- **Exercise**: The records below are to be transcribed exactly as they appear.

Records drawn from a dataset

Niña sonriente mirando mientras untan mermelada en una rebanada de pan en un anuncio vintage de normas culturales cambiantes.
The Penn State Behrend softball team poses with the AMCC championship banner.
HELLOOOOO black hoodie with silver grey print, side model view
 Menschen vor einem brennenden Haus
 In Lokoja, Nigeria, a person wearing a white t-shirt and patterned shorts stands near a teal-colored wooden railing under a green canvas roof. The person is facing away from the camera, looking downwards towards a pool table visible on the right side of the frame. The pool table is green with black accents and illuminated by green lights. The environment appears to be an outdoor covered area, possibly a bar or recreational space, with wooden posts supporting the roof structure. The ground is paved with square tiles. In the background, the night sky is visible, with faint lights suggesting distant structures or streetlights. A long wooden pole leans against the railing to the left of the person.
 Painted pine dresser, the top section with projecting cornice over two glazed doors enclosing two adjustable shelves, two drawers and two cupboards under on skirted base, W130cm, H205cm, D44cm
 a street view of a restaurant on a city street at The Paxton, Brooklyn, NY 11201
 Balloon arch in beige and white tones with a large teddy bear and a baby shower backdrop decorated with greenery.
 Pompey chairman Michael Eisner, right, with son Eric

- **Answer to the exercise**:
Niña sonriente mirando mientras untan mermelada en una rebanada de pan en un anuncio vintage de normas culturales cambiantes.
The Penn State Behrend softball team poses with the AMCC championship banner.
HELLOOOOO black hoodie with silver grey print, side model view
 Menschen vor einem brennenden Haus
 In Lokoja, Nigeria, a person wearing a white t-shirt and patterned shorts stands near a teal-colored wooden railing under a green canvas roof. The person is facing away from the camera, looking downwards towards a pool table visible on the right side of the frame. The pool table is green with black accents and illuminated by green lights. The environment appears to be an outdoor covered area, possibly a bar or recreational space, with wooden posts supporting the roof structure. The ground is paved with square tiles. In the background, the night sky is visible, with faint lights suggesting distant structures or streetlights. A long wooden pole leans against the railing to the left of the person.
 Painted pine dresser, the top section with projecting cornice over two glazed doors enclosing two adjustable shelves, two drawers and two cupboards under on skirted base, W130cm, H205cm, D44cm
 a street view of a restaurant on a city street at The Paxton, Brooklyn, NY 11201
 Balloon arch in beige and white tones with a large teddy bear and a baby shower backdrop decorated with greenery.
 Pompey chairman Michael Eisner, right, with son Eric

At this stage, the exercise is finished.